Brief – Leaving out all pictures, copy the lines below exactly, from the line with "Boiling Bob, A tale of lobster cooking pt2" to the last line, both ends included.

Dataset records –
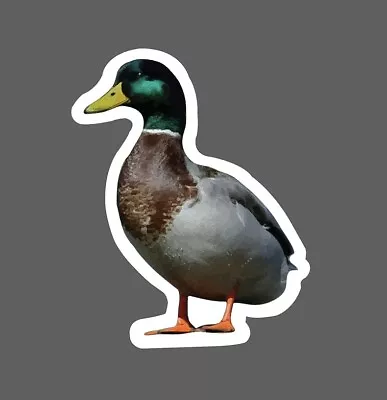 Duck Sticker Mallard Realistic Waterproof - Buy Any 4 For $1.75 Each Storewide! • $2.95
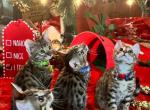 Stellas Boy  Celebrity - Bengal Kitten For Sale - AR, US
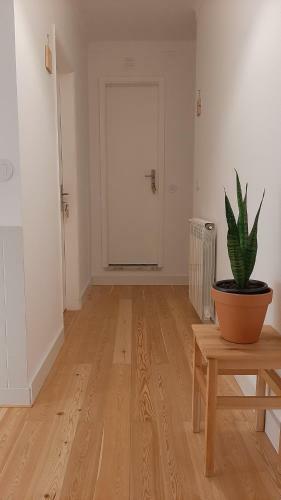 Hostal O Violas - Art Coffee & Guesthouse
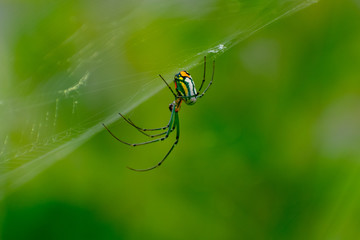 Orb Weaver Spider on Web
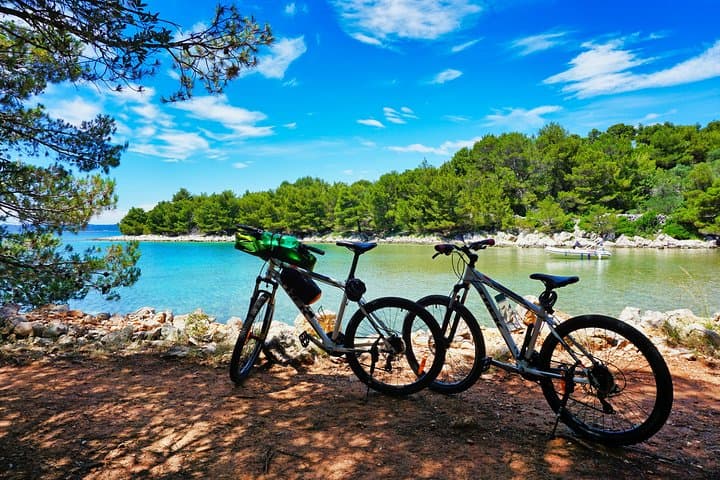 Ugljan Island Self-Guided Bike Tour — Coastal Rides & Olive-Grove Trails photo 1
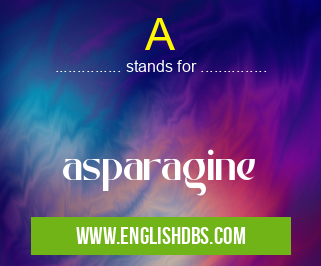 A means asparagine A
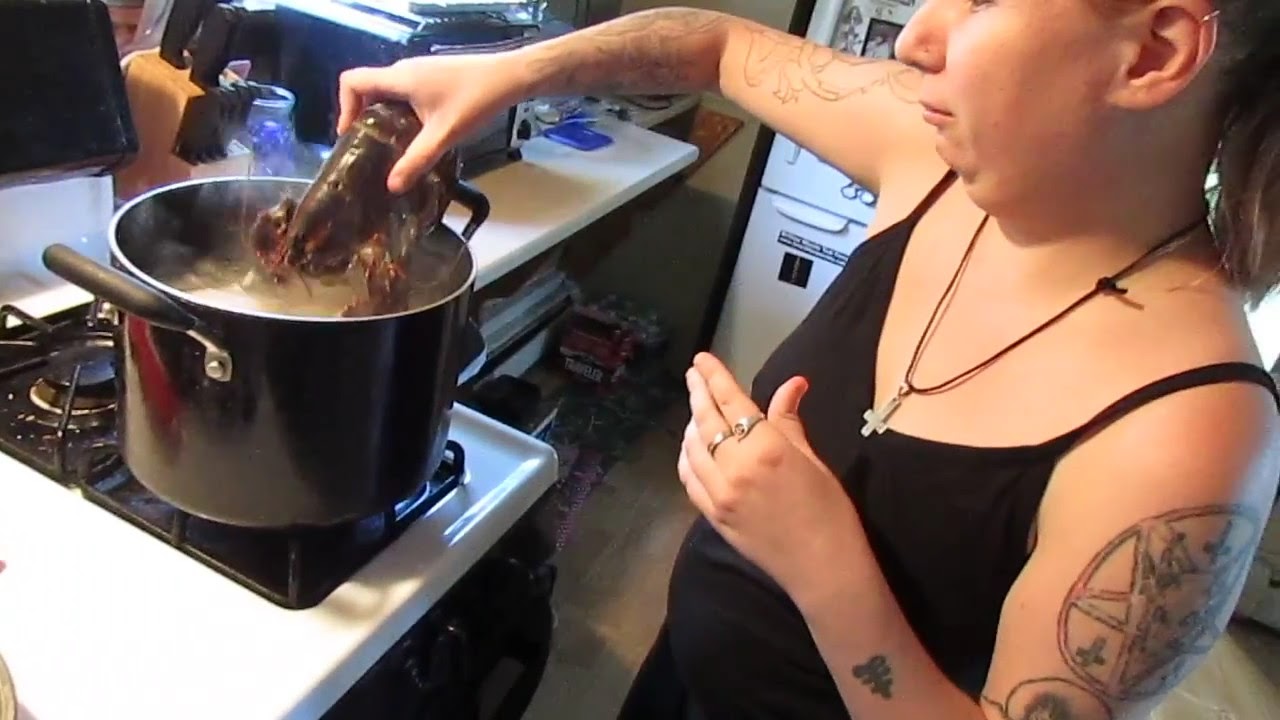 Boiling Bob, A tale of lobster cooking pt2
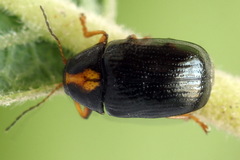 Cryptocephalus decemmaculatus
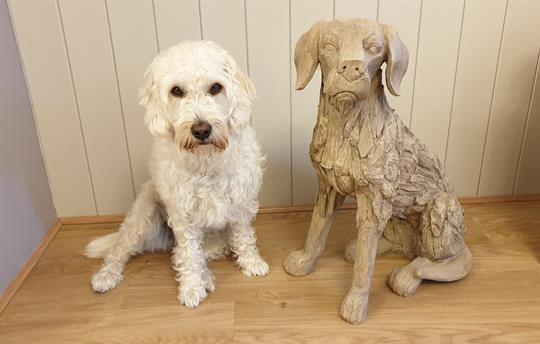 High Oaks Grange is Dog Friendly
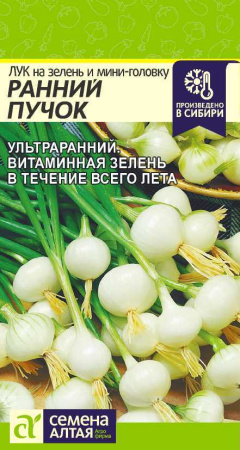 Лук на зелень и мини-головку Ранний Пучок Семена Алтая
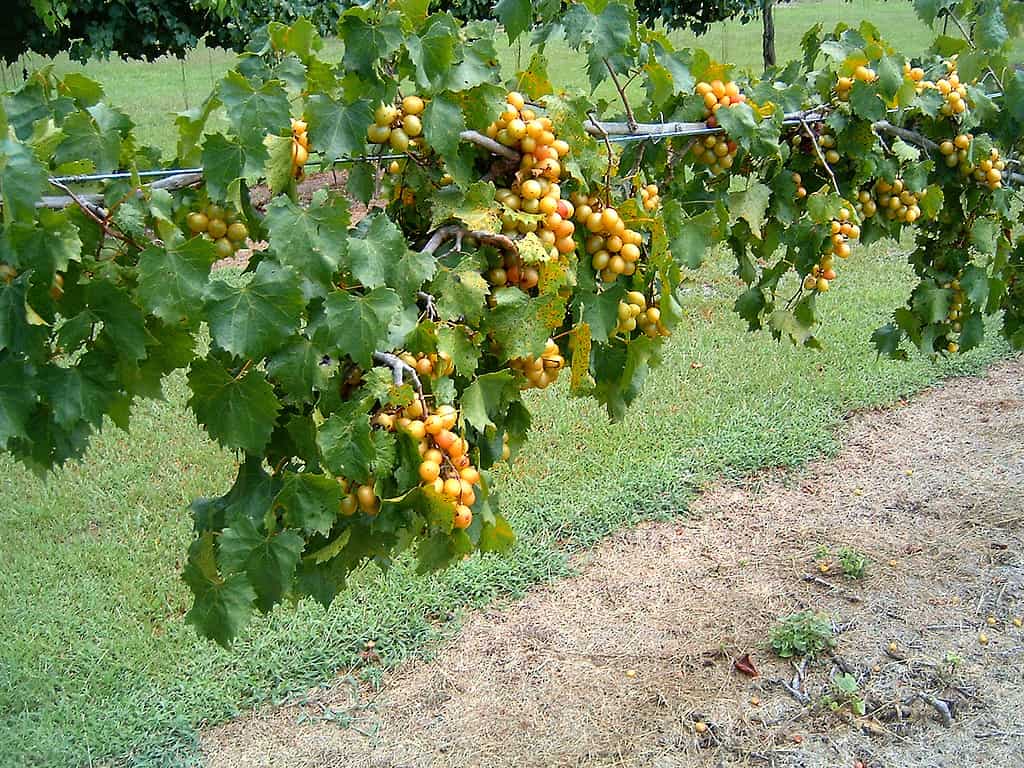 North Carolina's state fruit is the Scuppernong grape. Sweet and tasty right from the vine. Good for making jams and wine.
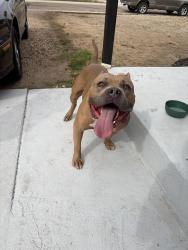Found/Stray Male Dog last seen Riverside library Evans co, Evans, CO 80620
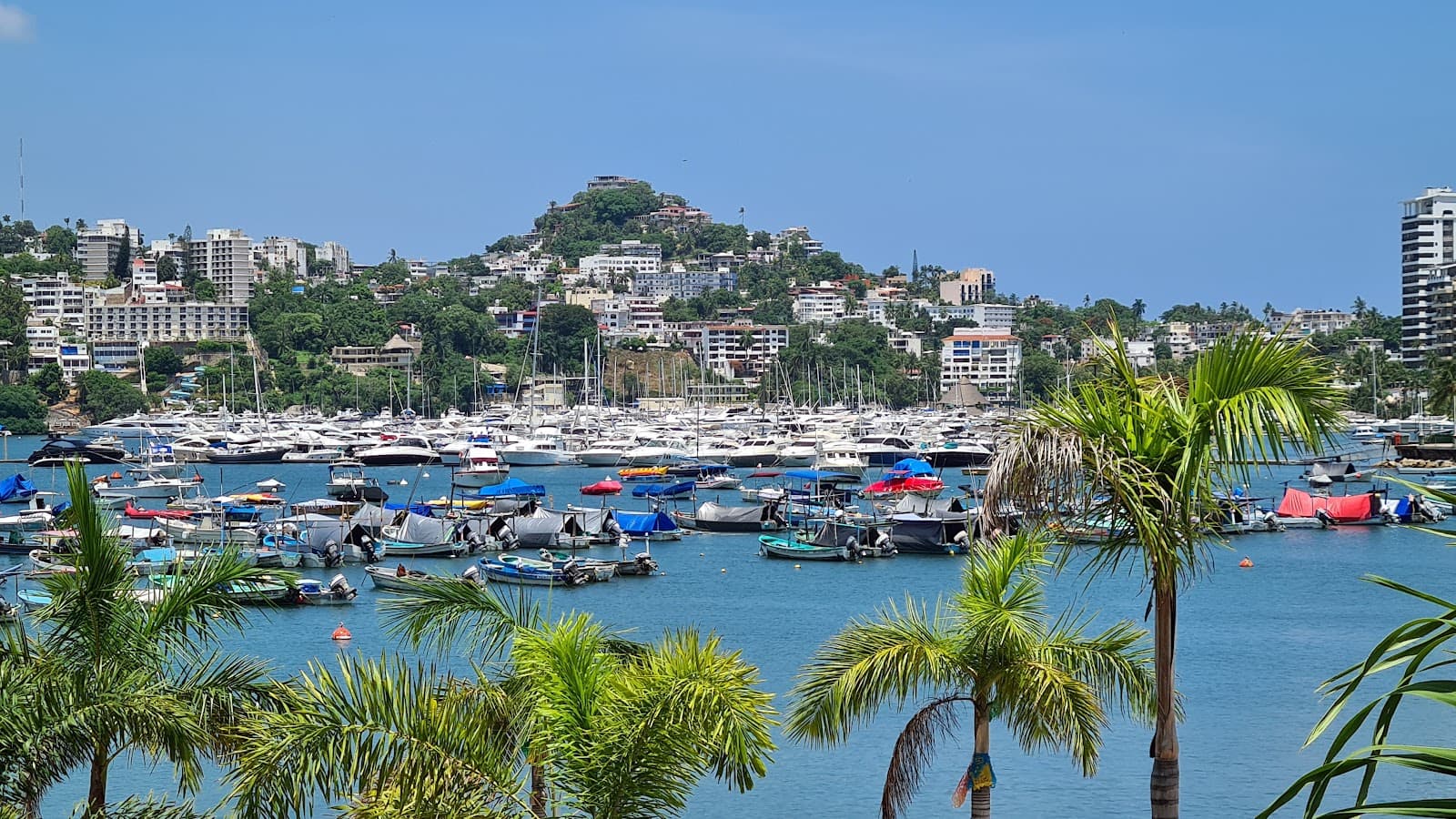 Playa Manzanillo - Image 1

Solution –
 Boiling Bob, A tale of lobster cooking pt2
 Cryptocephalus decemmaculatus
 High Oaks Grange is Dog Friendly
 Лук на зелень и мини-головку Ранний Пучок Семена Алтая
 North Carolina's state fruit is the Scuppernong grape. Sweet and tasty right from the vine. Good for making jams and wine.
Found/Stray Male Dog last seen Riverside library Evans co, Evans, CO 80620
 Playa Manzanillo - Image 1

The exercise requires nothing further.